Judge: N.C. Law Barring Sex Offenders from Church Unconstitutional

A year-old state law in North Carolina was found by a Superior Court judge to be unconstitutional because it prevents certain registered sex offenders from going to church, according to a ruling Thursday.

While Judge Allen Baddour acknowledged the need to protect children, he said "there are less drastic means for achieving the same purpose."

Presently, state law prohibits certain sex offenders from being within 300 feet of "any place where minors gather for regularly scheduled educational, recreational or social programs," including areas that are part of a larger facility, though the law doesn't specify whether that 300-foot radius extends to the borders of the larger facility.

It also doesn't specify whether children actually have to be present for an offender to be in violation, making it unconstitutionally vague, according to Baddour.

"There are a host of protected religious activities abridged by this statute," the judge wrote in Thursday's ruling.

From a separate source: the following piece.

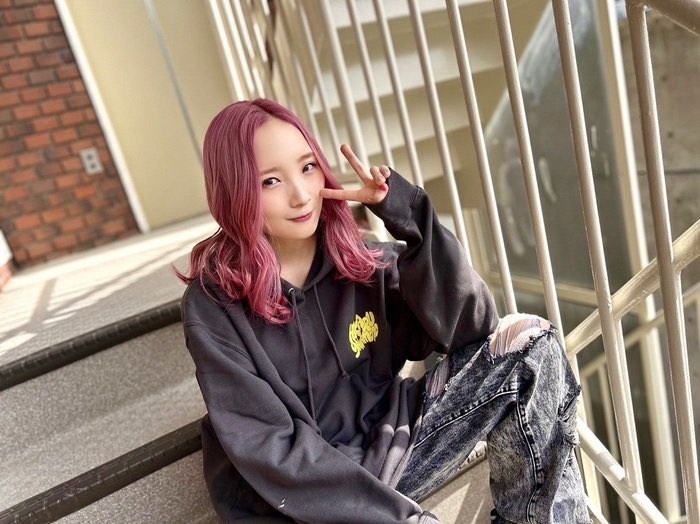 yamahika27's tweet photo. 団長のライブでHoroscopeとは別に新曲を披露したという話が出ている🤔🤔 これはアツい🔥
一先ずはライブ参戦した方々、そしてひかるちゃんお疲れ様でした!
#やまもとひかる
#AMvol2 https://t.co/i9SvjRlVZB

Thursday's decision comes after registered sex offenders James Nichols and Frank DeMaio challenged the state law, saying it was too broad and denied them their right to attend the church of their choice.

Nichols and DeMaio were indicted in May on charges of violating the law by attending Moncure Baptist Church, which has a nursery and regular programs for children.

Nichols, who was twice convicted of indecent liberties with a teen girl and again in 2003 for attempted second-degree rape, said God has blessed him by teaching him how to live a better life and expressed earlier this year his hope to win his case so that he can continue to better himself by going to the church.

"I believe wholeheartedly if it wasn't for God, I don't know where I'd be today," he told The Associated Press.

ACLU of North Carolina, which assisted Nichols in the case, informed the local media that it had heard from more than 50 registered sex offenders or their pastors asking how they could comply with the law.

Despite the Baddour's decision, experts say the General Assembly is unlikely to revise the law unless the state Court of Appeals or the Supreme Court concurs with Thursday's ruling.

But a bill to revise the law has already passed the state House and has been assigned to the Senate judiciary committee.

If approved, the proposed revision would drop the 300-foot radius and would simply ban offenders from areas where children are regularly supervised.

Currently 36 states have established zones where sex offenders cannot live or visit, and some provide exceptions for churches. Many, however, do not.